Cinéma (
18 décembre 2008)
Le sel
de la mer
Annemarie Jacir filme le pays de ses origines avec un regard neuf, celui
d’une Palestinienne de l’extérieur. Entre road movie et pèlerinage.
Soraya,
petite fille de réfugiés palestiniens, est née et a grandi aux Etats-Unis.
Lorsqu’elle débarque de son avion, à Jérusalem, protégée par son passeport
américain, c’est toute sa généalogie qui lui saute à la figure. Par trois
fois, elle devra répéter son histoire, et celle de sa famille: elle est née
à Brooklyn, ses parents sont nés au Liban, son grand-père à Jaffa. Les trois
étapes de sa vie: le pays, les camps, l’exil.
Il n’aura pas fallu plus
de cinq minutes à la réalisatrice Annemarie Jacir pour poser sont point de
vue, celui d’une palestinienne de l’extérieur, comme elle, qui ne connaît du
pays que ce qu’on lui a raconté mais qui décide d’exercer son propre droit
au retour.
Dans le film, Soraya
n’est pas là seulement “pour se rendre compte par elle-même”, comme elle l’a
expliqué à son comité d’accueil, mais pour récupérer l’argent que son
grand-père a laissé sur un compte à la banque avant de quitter Jaffa. Mais
la banque lui oppose un argument imparable: ce compte n’existe plus depuis
la “nakba”, la “catastrophe” en arabe: le déplacement de centaines de
milliers d’Arabes, en 48, lors de la création de l’Etat d’Israël. Alors elle
décide, avec son ami Emad, de braquer la banque pour récupérer cet argent,
et devient ainsi une criminelle. “Mais ils sont déjà criminalisés!”
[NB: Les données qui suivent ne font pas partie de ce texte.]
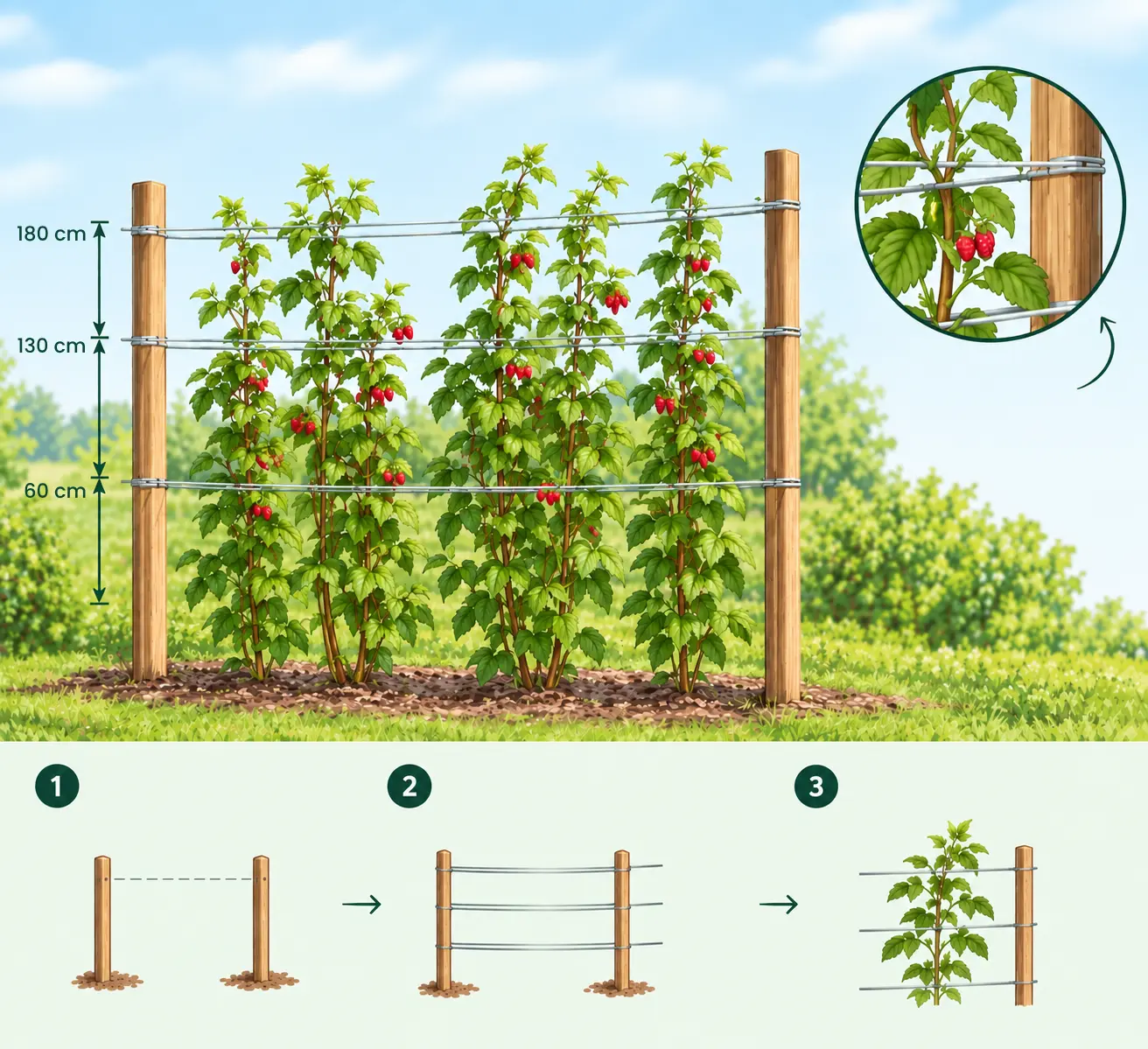 Trellising raspberry bushes.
s’indigne la réalisatrice Annemarie Jacir. “C’est illégal pour un
Palestinien d’aller à Jérusalem, c’est illégal de construire une maison,
illégal de faire tant de choses… des choses élémentaires. Alors eux, ils
prennent les choses en main, ils choisissent de devenirs des criminels, y
compris en passant illégalement en Israël.” Et le film de devenir une
sorte de road movie, entre les territoires occupés et Israël, les maisons
qui ont changé de propriétaire et les villages qui n’existent plus.
“Faire du cinéma,
écrire des poèmes, en Palestine, tout est politique car tout est interdit”,
dit encore la réalisatrice. “Saleh Bakri, l’acteur principal est
Palestinien, mais il a la nationalité israélienne. Il n’avait donc pas le
droit d’aller à Ramallah, où se déroule la première partie du film. Pendant
la seconde partie, qui se déroule dans la Palestine historique , il était en
situation régulière, mais c’est le reste de l’équipe, cisjordanienne, qui
n’était pas autorisé à nous suivre…”
“Le sel de la mer”, tout
premier long-métrage de Annemarie Jacir, est un cri de colère, intime et
politique. Il manque un peu de finesse et les dialogues sont parfois lourds,
mais la sincérité et l’urgence du message pallient ces quelques maladresses.
Linda
Léonard
“Le sel
de la mer”, de
Annemarie Jacir, avec Suheir Hammad, Saleh Bakri et Riyad Ideis. 109 min.